◆ Problem statement: Since the records include pictures, leave those out while you reproduce exactly and only the lines from the one containing "Juice Peach Fruit" through the one containing "Information, Temperament ...", inclusive.

◆ Input data:
------------------------------------

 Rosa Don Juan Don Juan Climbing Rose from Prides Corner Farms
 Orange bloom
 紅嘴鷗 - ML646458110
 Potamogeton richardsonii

------------------------------------

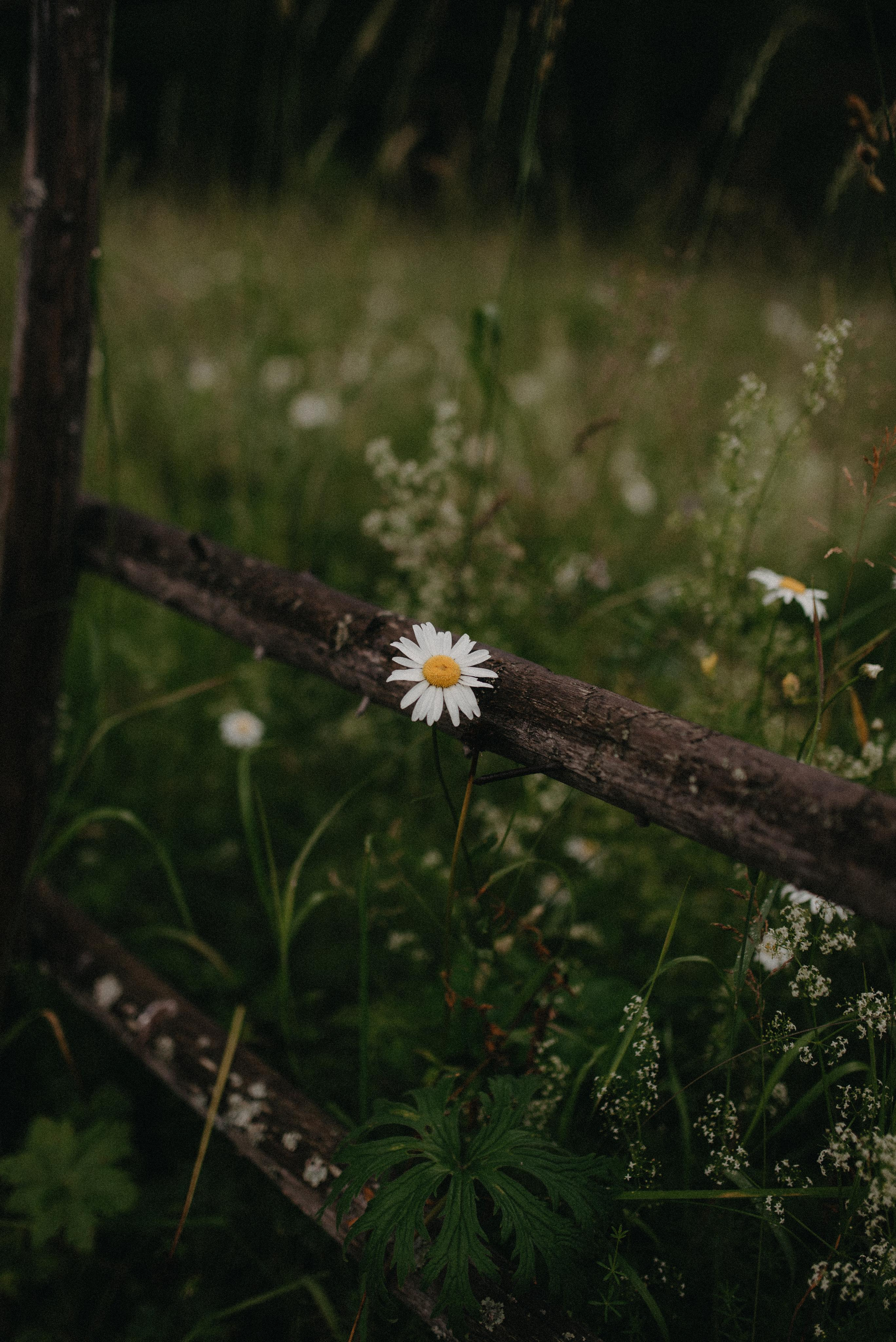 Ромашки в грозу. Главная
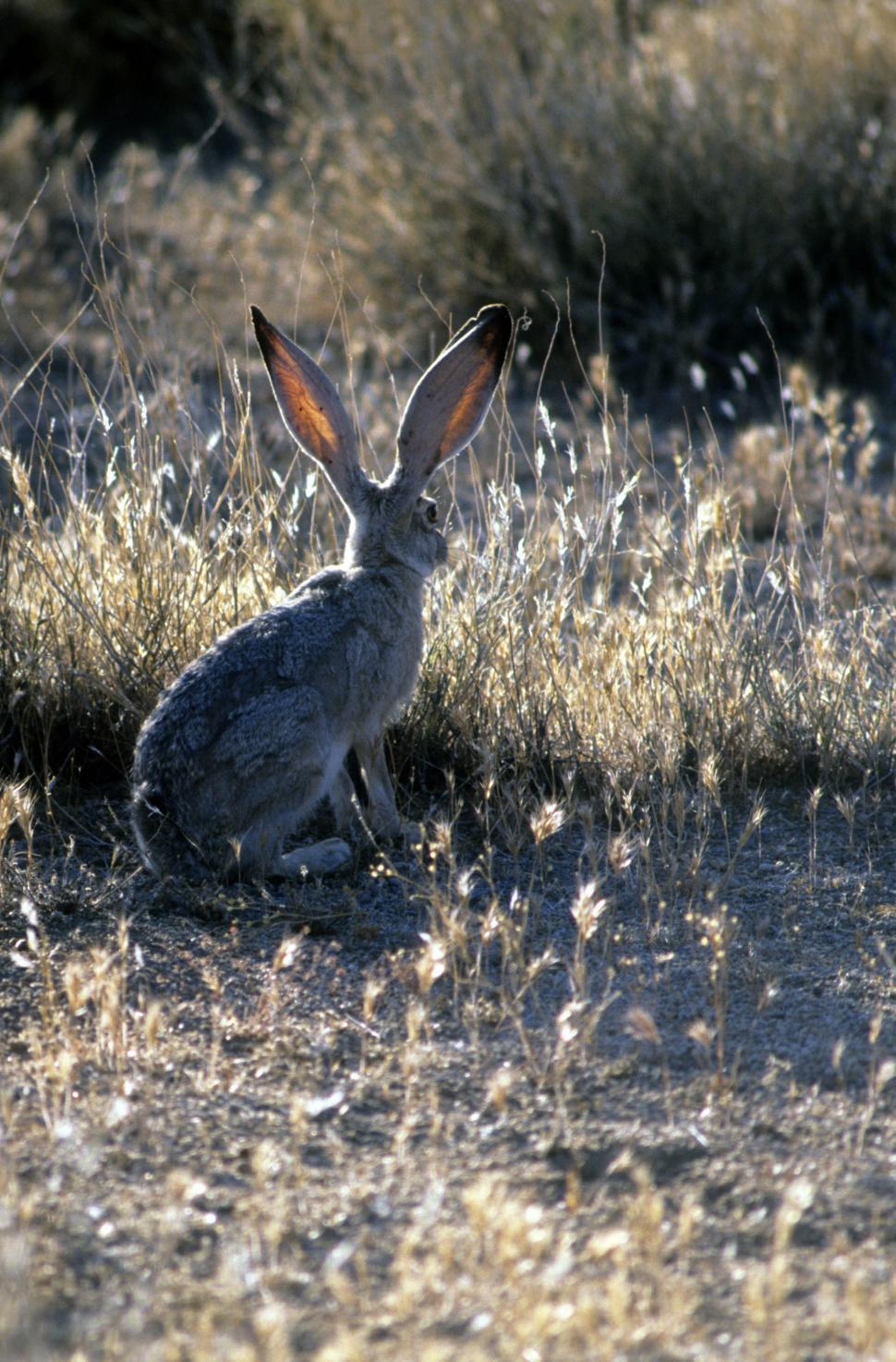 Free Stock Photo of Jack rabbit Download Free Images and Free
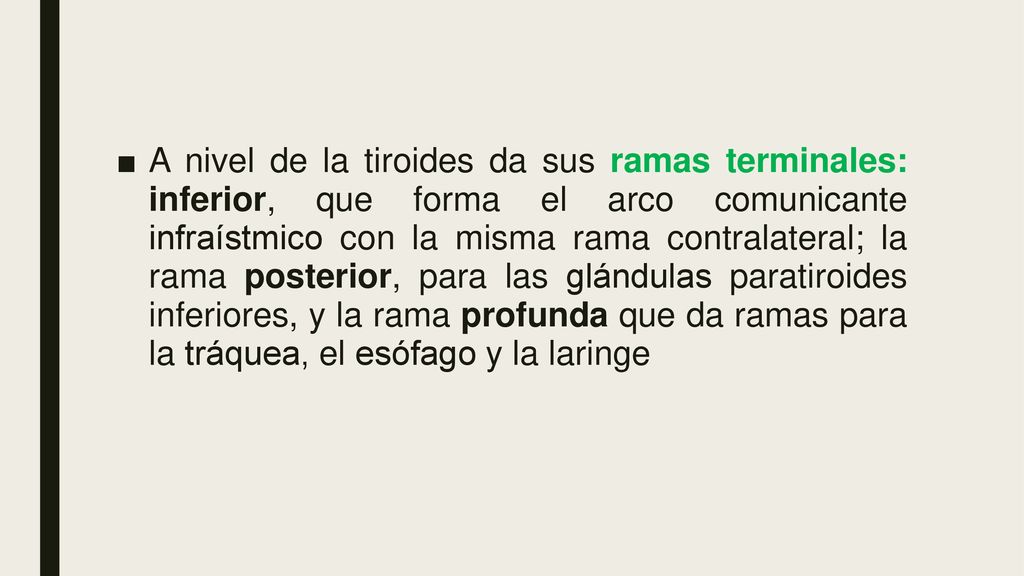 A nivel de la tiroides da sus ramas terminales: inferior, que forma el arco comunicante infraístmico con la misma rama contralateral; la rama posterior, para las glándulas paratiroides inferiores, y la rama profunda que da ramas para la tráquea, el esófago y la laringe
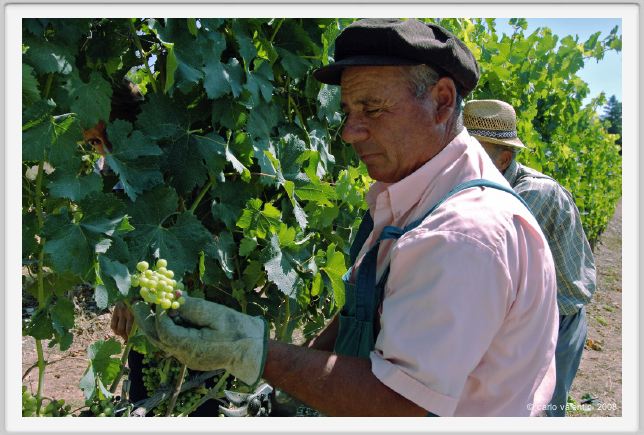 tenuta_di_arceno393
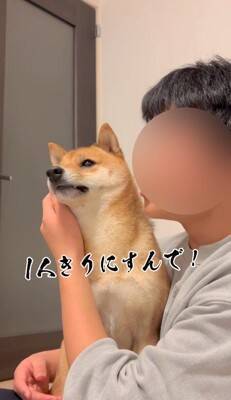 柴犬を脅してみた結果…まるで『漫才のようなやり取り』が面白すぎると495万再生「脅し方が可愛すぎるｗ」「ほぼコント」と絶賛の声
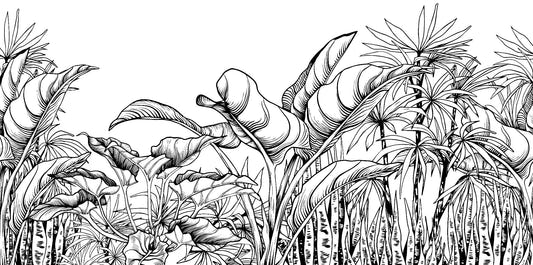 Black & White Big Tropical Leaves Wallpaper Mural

------------------------------------

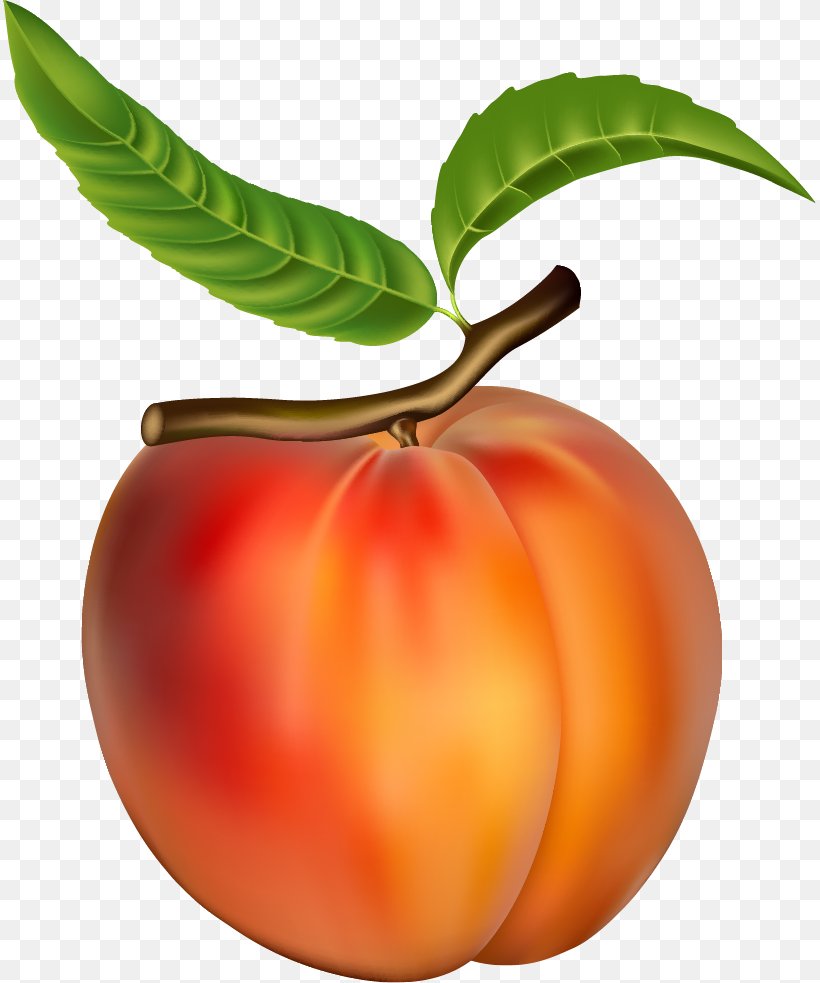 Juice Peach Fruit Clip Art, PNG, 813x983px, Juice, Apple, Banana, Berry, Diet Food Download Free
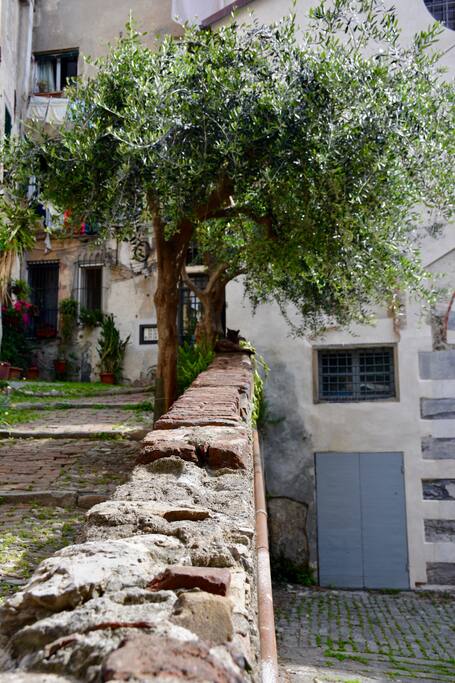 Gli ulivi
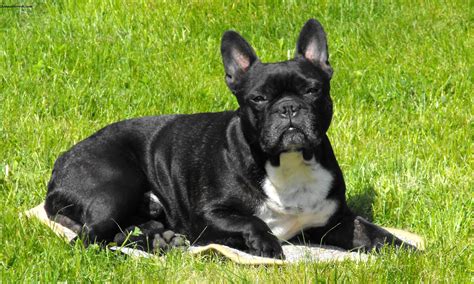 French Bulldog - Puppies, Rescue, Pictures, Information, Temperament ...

------------------------------------

◆ Answer box:
 Juice Peach Fruit Clip Art, PNG, 813x983px, Juice, Apple, Banana, Berry, Diet Food Download Free
 Gli ulivi
 French Bulldog - Puppies, Rescue, Pictures, Information, Temperament ...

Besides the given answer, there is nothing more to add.